It was August and my time in Nashville was running out. Later in the month I would leave. It seems to me there must be more stories to tell about me in that city, but I would only be repeating myself. For instance there’s “Nausea Anecdote Number 2: the Fourth of July Party”—maybe that would make a good one but it bores me now. Life repeats itself apparently, with subtle variation. But perhaps I am not looking closely enough, and there is so much more to say, and I might say more, later. And there are also the stories of the people I knew, stories which remain only the vaguest of allusions here.

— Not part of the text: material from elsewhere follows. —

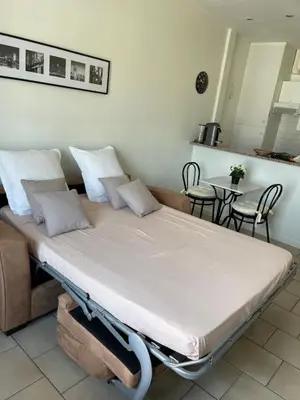 a large bed in a room with chairs and a table at Cannes, Croisette, Palais Miramar in Cannes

At the beginning of the month I moved into Abe’s apartment situated just east of Vanderbilt, as Lewis had moved to a new place with no room for me. For a couple weeks I was there alone while Abe took a small vacation. Strange, the feeling of living in someone else’s space; or maybe it was more like living in a hotel. Abe did keep a clean house, the place was immaculate, and the building even looked like a two story motel. I felt curiously alienated from life, not the normal alienation I was so accustomed to but the alienation of being a kind of vagrant soul, so light that it could be blown away at any moment. Forgive this moment of lyricism, I know it’s unlike me. I was given to bouts of anxiety, but also moments of great calm. I dived into my writing with renewed enthusiasm and produced the beginnings of a novel, which I later abandoned. I read in the evenings. At moments I felt moved and overwhelmed; a chapter of my life was ending.
The weekend before I flew back to the east coast I sent an email out to the coffee shop staff saying that everyone should come out for drinks at Springwater to celebrate my departure. This seemed vain to me, and it was, but it also struck me that to leave without any ceremony would be cold, in a sense.
It was a typical summer evening. Abe and I and a girl from the philosophy department drank beers at his place before leaving for Springwater. When we got there only a few people from the shop had arrived. The place was dingy and poorly lit. A few old biker types sat at the bar drinking and laughing. Abe and I played a game of pool with Jay and several times Jay cracked innocent jokes about me, guffawing —I will never forget that guffaw. My mind must have been elsewhere because my memories are vague.
More people came, but it was still a small crowd. I had hoped for a wild rager, and maybe some drugs, but for the moment things were rather sedate. And yet it didn’t matter, the important characters were there. The party was ostensibly for me but I didn’t want to be the night’s main character. I just sat at the bar and chatted with people as they approached.
Soon Randy, one of my co-workers, got up to perform, as that same night he had a show scheduled. The back of the stage was lined with gaudy sequin drapes lit up by the Christmas lights strung around everywhere. Randy wore his signature sunglasses and purple vest. His final song, “Last Chance to get in Dan’s Pants Before He goes to France,” was dedicated to me. I was flattered, still am flattered to this day. The crowd laughed while my face turned red. Naturally I looked around to see if there were any girls who might avail themselves of this last chance, but there were only aging bikers and co-workers from the café.
After the music we all left for the Villager. Springwater, despite its charm, was really just an old biker dive bar, and although the Villager was also a dive, it was a lesser dive, or more of a dive, depending on how you looked at it. Not all dives are created equal, that much is clear. There, we smoked cigarettes and drank at the bar. I was beginning to feel a little sentimental, though perhaps I am confusing how I feel now, as I write; it is difficult to distinguish the two sometimes. At around midnight Jane and Adam left, since they had to open the shop the following morning. We all hugged. These goodbyes were not as charged with meaning as perhaps one might think they should have been. Meaning operates of its own accord, indifferent to my intentions. I couldn’t have known the significance these people would later take in the stories I told myself.
In a general way, it seemed that more should have been happening, but it wasn’t.
Towards the end of the night when it was only Abe, myself, and few others, I filled the jukebox with coins and queued up the Replacement’s “Here Comes a Regular” several times, a song which, for some reason, even then I associated with my time in Nashville among so many musicians and heavy drinkers. I told Jay, who was noted for his musical tastes, what I’d chosen. “It has a special place in my heart,” I said. “Me too,” he said. That meant a lot to me, somehow.
But by the time I’d finished my drink, I knew I was getting too sloppy to stay. Not that I was on the brink of doing anything stupid—that, perhaps, would have been what the evening needed to truly set me off with a bang. I was simply spent, finished. I hugged Jay and Randy and said my goodbyes. My song hadn’t even played yet. Abe and I stumbled back to his place together.
When we got to his front door, I remained outside for a cigarette and a quiet moment with myself. But as I looked out at the evening sky and the tall Vanderbilt medical buildings, I began to feel indifferent towards myself. It was as if I was over-saturated in my own story. This was not an unpleasant way to feel, however, actually I felt fine. My cigarette finished, I went inside and passed out on the couch.